Kingston: Estate planning with life insurance | Local | herald-review.com – Herald & Review

Kingston: Estate planning with life insurance | Local | herald-review.com - Herald & Review

Life insurance is most often used to provide income and reduce debt for your survivors, at your death. Proceeds from life insurance are, almost without exception, paid income tax-free. While term life insurance typically expires at the end of a period of years, various forms of cash value life insurance including variable life, universal life, and whole life usually remain in-force longer. If you no longer need cash value policies for income protection, you may be able to repurpose them to meet estate planning objectives. The key is to determine the appropriate ownership and beneficiary designations of these policies.

Life Insurance Ownership

Even though life insurance proceeds are income tax-free, the cash value, or the death proceeds may be subject to estate taxation. If you own life insurance for yourself, the death proceeds will be included in your gross estate. If you are the owner of life insurance, insuring another person, i.e., your spouse, the cash value of the policy will be included in your gross estate. The 2022 Federal Estate Tax Exemption is $12.06 million, scheduled to reduce to approximately $6.4 million in 2026, when adjusted for inflation.

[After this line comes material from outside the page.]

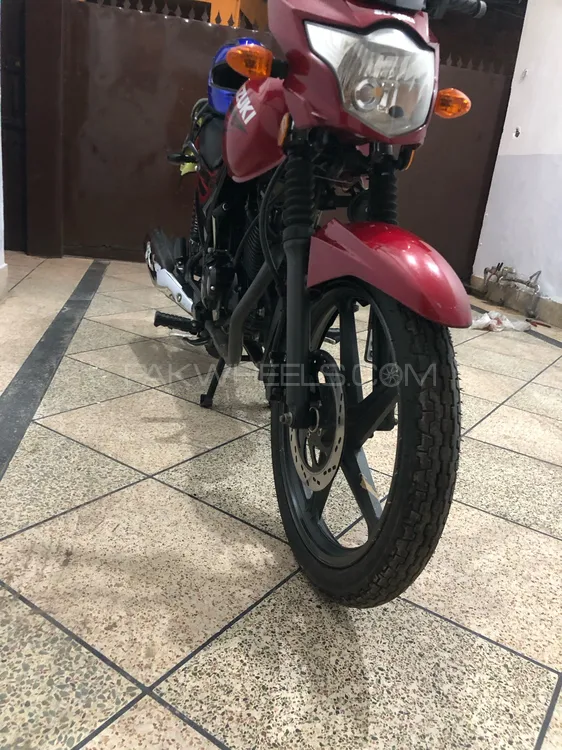 Suzuki GR 150 2018 for Sale Image-1
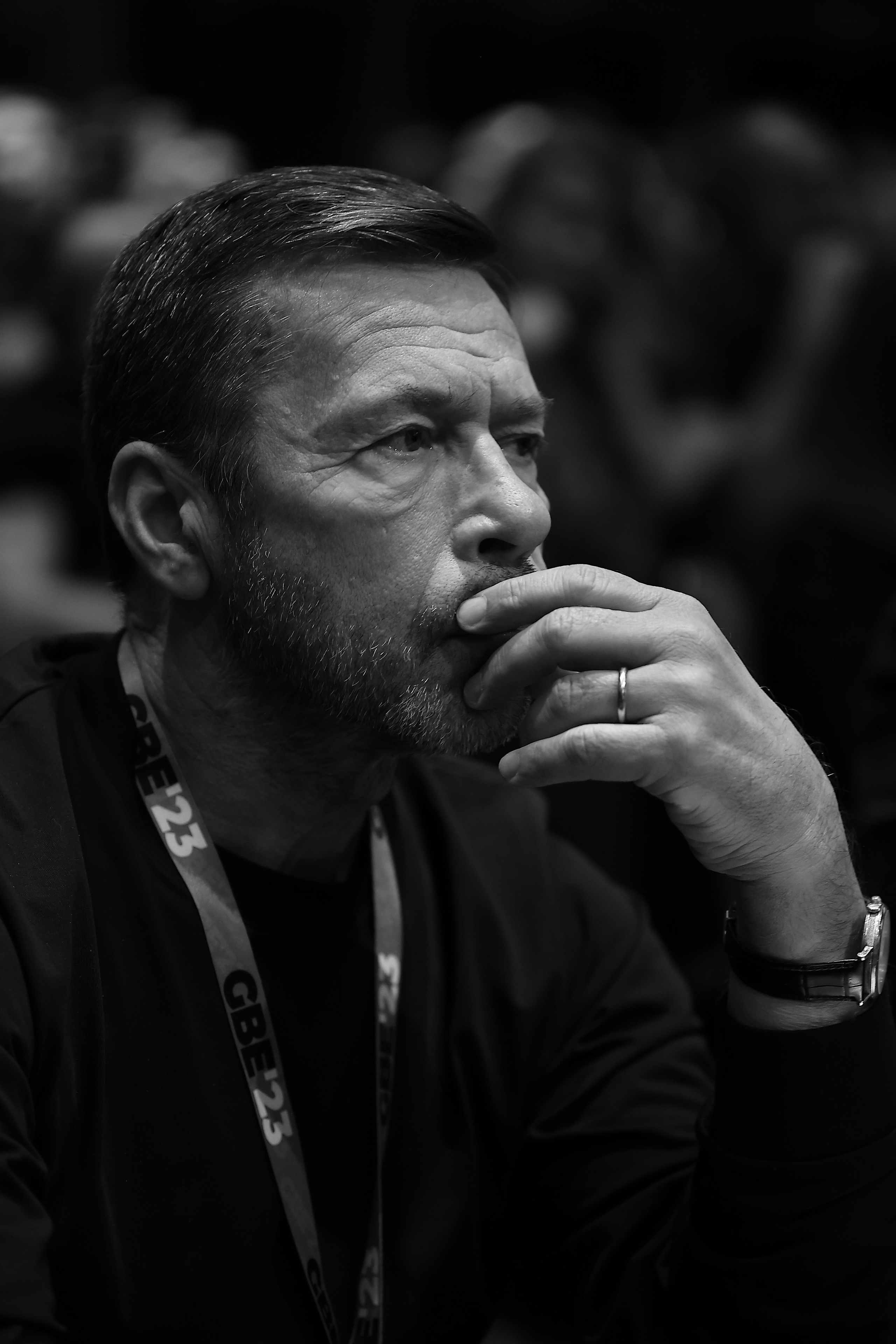 Grand Business Event 2023. Fashion and portrait photographer Inga Makeyeva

The Illinois Estate Tax Exemption is $4 million. When your taxable estate, including the death benefits insuring yourself or the cash value of life insurance policies that you own insuring someone else, exceed the exemption, consider changing the ownership to remove the death proceeds or the cash value from your taxable estate. When purchasing new insurance, consider having it owned outside of your taxable estate. An irrevocable life insurance trust (ILIT) is frequently used for this purpose. When properly managed, an ILIT provides a method for removing life insurance death proceeds from all potential income and estate tax.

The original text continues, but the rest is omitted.